Big perks: It was a messy affair. Some say the beheading took five minutes, others 15. All agree that Snyder was given just half a day to clear out, to relinquish the vital perquisites of high literary office: the polished wood desk, the keys to the exec bath and dining room, the personal chef, the limos. Snyder tells friends it was a complete surprise. Only recently he had been saying how great things were at Viacom, how swimmingly everything was going with Redstone & Co. Why, that very morning he'd been planning a party for Sumner. His only inkling that something might be wrong was when Redstone called to cancel, just hours before the chop.

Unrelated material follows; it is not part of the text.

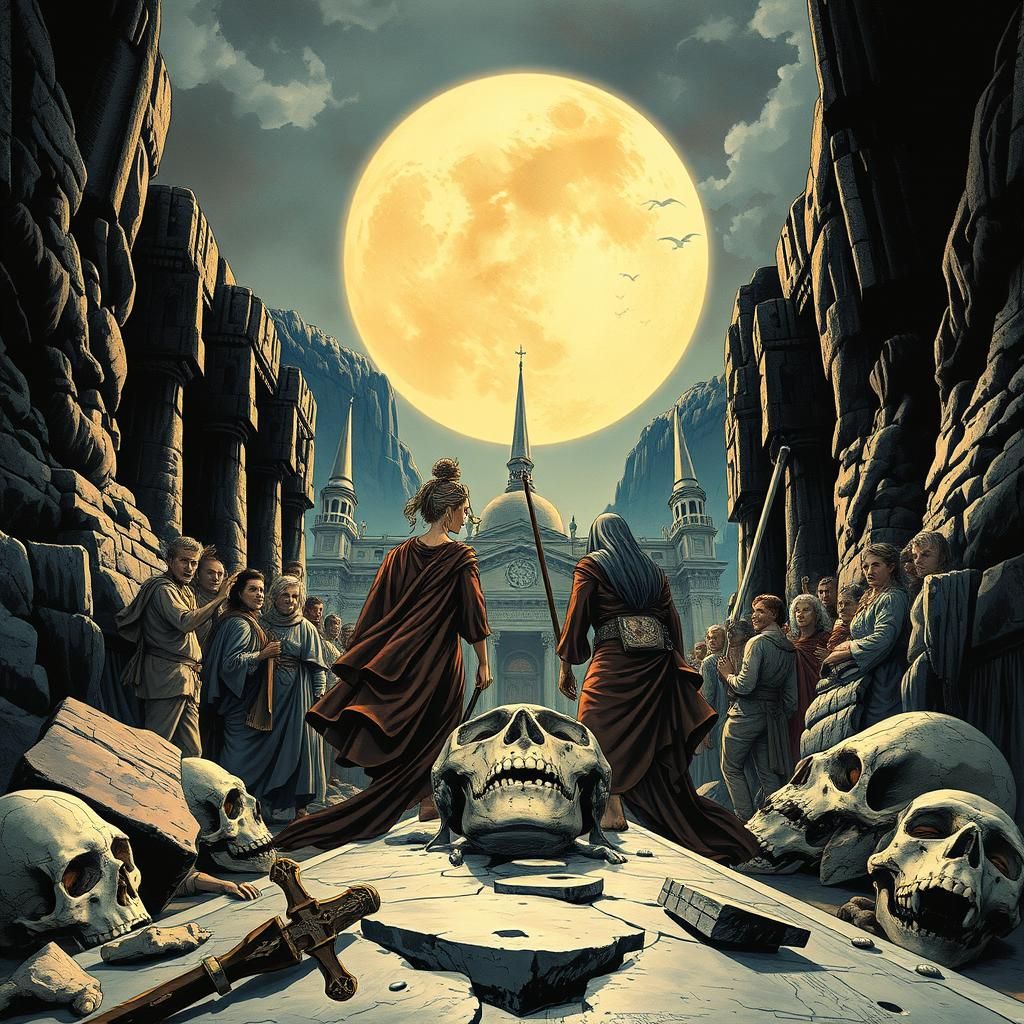 Roman Inspired Comic Art: Death in White Linen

New York's literati were aboil. Snyder was one of their own, an honored member of the club. Publishers and famous authors sprang to his defense. Investigative reporter Bob Woodward, whose relationship with Snyder goes back to Watergate and the publishing of ""All the President's Men,'' telephoned Biondi for an ""explanation.'' Superagent Mort Janklow muttered darkly about ""those people'' at Viacom, who apparently think selling books is like selling ""popcorn.'' Didn't they know that without Snyder, Simon & Schuster would be diminished, that nobody in the whole wide world could possibly begin to replace him?

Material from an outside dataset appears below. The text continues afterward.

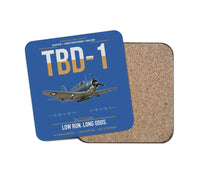 Thumbnail for TBD-1 Devastator design on blue 1 piece coaster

Others were less surprised. Esteemed as Snyder was as a publisher and businessman, he was roundly loathed as a boss. ""Imperious.'' ""Erratic.'' ""Demanding.'' ""Manages by fear and intimidation.'' ""Mean.'' These were some of the gentler ways people described him to Newsweek, and they told tales of his reign. Many involved elevators. Snyder liked to ride alone, insiders say, and woe betide the unknowing. Such as the messenger he reputedly once fired for presuming to step aboard. Or all the staffers who got axed during the ascent or descent from their cubbyholes. It happened ""all the time,'' says one in-house editor. ""They would get on and he would fire them before they reached the lobby.''
Snyder wouldn't comment. But apparently he fired with such zeal that employees nicknamed a waiting room near his office the ""executive-departure lounge.'' Those he didn't fire, he harangued. Some insiders recount how he would hurl his in box at editors. ""Moron,'' he bellowed in editorial meetings. ""Why the f--k am I paying you?'' He heaped profanities on subordinates, men and women alike -- including his ex-wife Joni Evans, a former S&S senior editor. ""He loves to keep people off balance, insecure,'' explains one fire-ee, now a top exec at a prominent publishing house. ""Once he called me from the treadmill in his private gym. As he picked up speed, his voice just rose to this incredible scream.'' Not for nothing did Fortune rank him among ""America's toughest bosses.'' Snyder reveled in that, another insider claims. He ""would rib executives who hadn't made the list.''
Bad mix: Abrasive as he could be, Snyder inspired great loyalty among his top editors -- mainly, they say, because he was good. Yet his style didn't sit well with his new bosses at Viacom. He seemed almost instinctively to alienate them, to spark disagreements over how to run the publishing house and meld it with Viacom. ""I could give you a hundred reasons why this didn't work,'' says one senior Viacom executive. ""But it wasn't just one thing. It was all of them, together.''
The Viacom team hated Snyder's extravagance, for one. There, top execs would hop a cab or the subway to a meeting. Snyder would pull up in a stretch limo. Such ostentation especially riled Redstone. Worth more than $3 billion, he has lived in the same modest house in Newton, Mass., for 30 years and buys suits off the rack at Filene's Basement, Boston's sartorial discounter. Those big-time perks will soon be ""gone, gone, gone,'' says one Viacomer. Snyder's appetite for them was more than a needless expense; it represented a fundamental clash of values.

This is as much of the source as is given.